Hari kamis kemarin ketika sedang asyik-asyiknya terlelap dalam mimpi siang yang tidak begitu jelas, aku dikagetkan oleh suara getar handphone 2610-ku. Kulihat sebuah nada panggilan dari seorang yang beberapa hari ini aku tunggu, Ust Wiranto. Dalam sepekan ini aku memang berharap untuk dapat erkomunikasi dengan belaiu meski hanya melalui sms, namun pada hari kamis itu beliau menelponku. Segera kuangkat dan memang dengan jelas itu adalah suara beliau.

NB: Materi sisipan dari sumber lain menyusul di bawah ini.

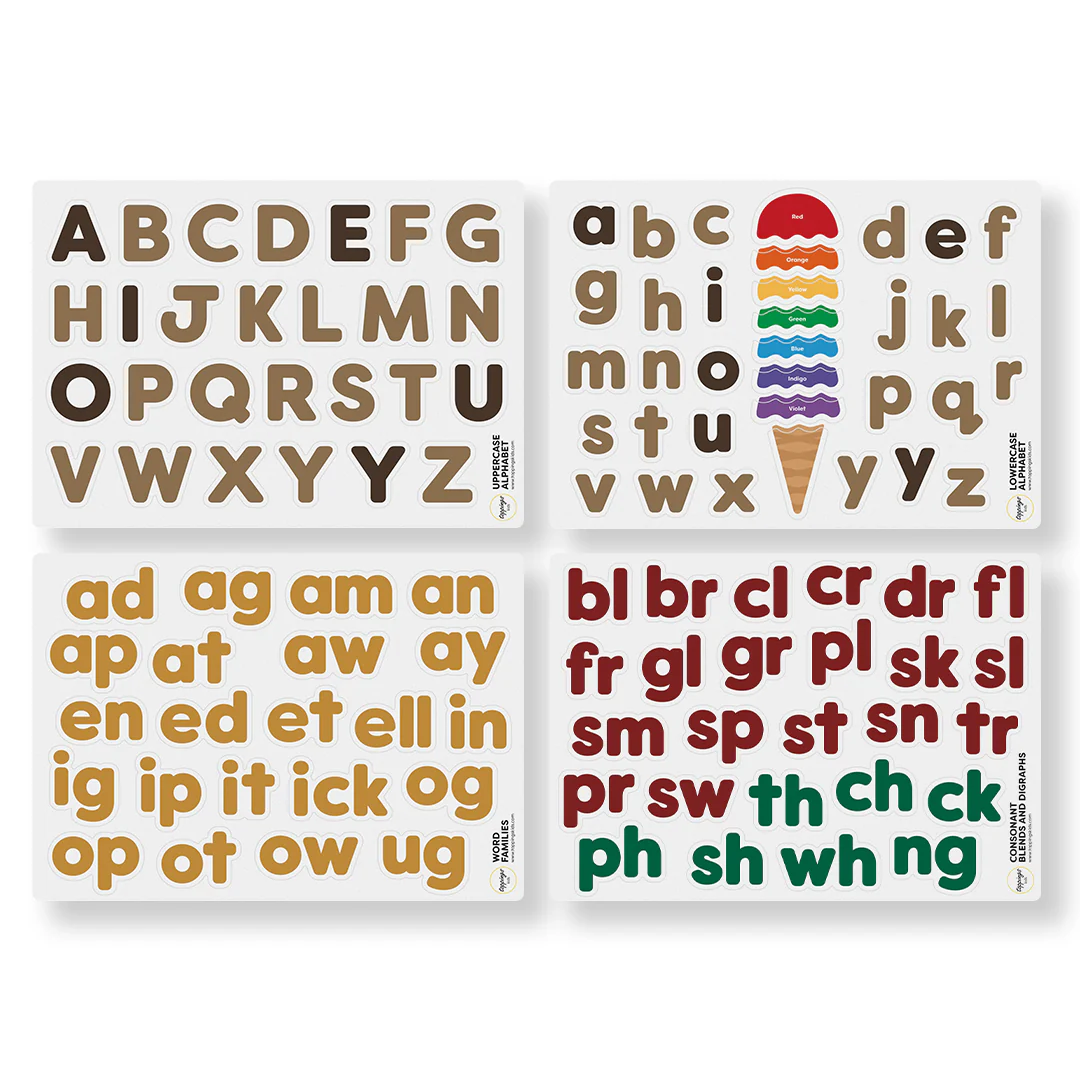 TOKI Alphabet Magnets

Beliau menanyakn apa yang sedang kukerjakan sambil teredengar tawa beliau yang khas ditelingaku. Aku jawab bahwa aku sedang tidur-tiduran di kamar kost siang itu. Dan memang cuaca pada siang itu tidak terlalu bersahabat, angin seakan malas untuk bertiup meski sang mentari dengan gagahnya menyinarkan cahayanya yang panas. Beliau menanyakan padaku apakah aku sudah makan siang atau belum. Segera kuketahui arah pembicaraan selanjutnya. Ya, beliau memang lebih senang ketika bertemu denganku untuk berbicara tentang makanan dan beraneka ragam kuliner yang ada. Hatta ketika aku mengajak teman-teman Liqo’ku untuk bersilaturrahmi ke rumah beliau, hal pertama yang beliau sampaikan kepada kami adalah andai kami datang lebih awal tentunya kami akan diajak untuk mencicipi warung langganan beliau yang berada di dekat rumah beliau di wilayah Sumber, Banjarsari.
Beliau meminta bantuan kepadaku untuk memesankan 3 kotak nasi ayam tulang lunak di Mesam-mesem, dekat as-gross ar-royyan. Aku menyadari ketika suatu kali beliau kami-para panitia pembangunan masjid nurul huda- meminta untuk mentraktir kami makan. Sengaja kupilihkan Mesam-mesem karena aku berhusnudzon bahwa ayam yang dijual disitu benar-benar dapat dipertanggung jawabkan kehalalan dan keenakkannya. Dan alhamdulillah beliau pun menyukainya. Menu yang pas untuk kamis siang yang panas itu memang ayam tulang lunak ukuran XL. Beliau sampaikan untuk membeli 4 kotak, satu kotak terakhir adalah untukku.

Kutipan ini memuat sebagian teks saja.